There’s no division of the resources between the hardware threads, but rather 
the execution units switch between the two threads as they stall (e.g. cache 
miss, hazard/dependency, misprediction, …) — kind of like a context switch, but 
much cheaper. As long as there’s nothing being scheduled on the other hardware 
thread, there’s no impact on the performance. Moreover, turning HT off in the 
BIOS doesn’t make more resources available to now-single hardware thread.

This matches our observations on our cluster — there was no 
statistically-significant change in performance between having HT turned off in 
the BIOS and turning the second hardware thread of each core off in Linux. We 
run a mix of architectures — Sandy, Ivy, Haswell, and Broadwell (all 
dual-socket Xeon E5s), and KNL, and this appears to hold true across of these.

Moreover, having the second hardware thread turned on in Linux but not used by 
batch jobs (by cgroup-ing them to just one hardware thread of each core) 
substantially reduced the performance impact and jitter from the OS — by ~10% 
in at least one synchronisation-heavy application. This is likely because the 
kernel began scheduling OS tasks (Lustre, IB, IPoIB, IRQs, Ganglia, PBS, …) on 
the second, unused hardware thread of each core, which were then run when the 
batch job’s processes stalled the CPU’s execution units. This is with both a 
CentOS 6.x kernel and a custom (tickless) 7.2 kernel.
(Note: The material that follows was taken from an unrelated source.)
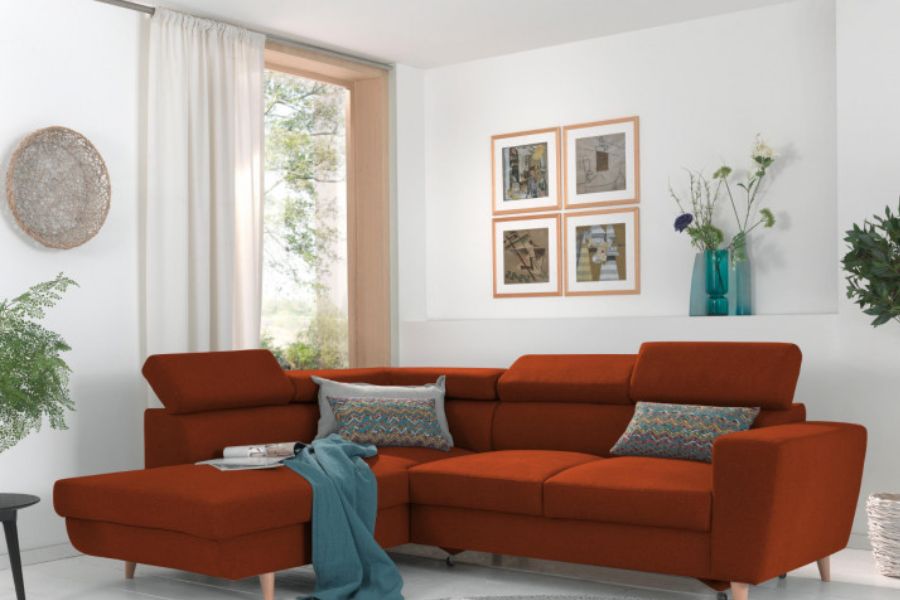 6 idées pour associer la décoration à votre canapé couleur rouille 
Given these results, we now leave HT on in both the BIOS and OS, and cgroup 
batch jobs to either one or all hardware threads of the allocated cores based 
on a PBS resource request. Most jobs don’t request or benefit from the extra 
hardware threads, but some (e.g. very I/O-heavy) do.

>> My personal experience is, that it depends not only application, but also on 
>> the way how you oversubscribe.
> 
> +1


+2

As always, experiment to find the best for your hardware and jobs.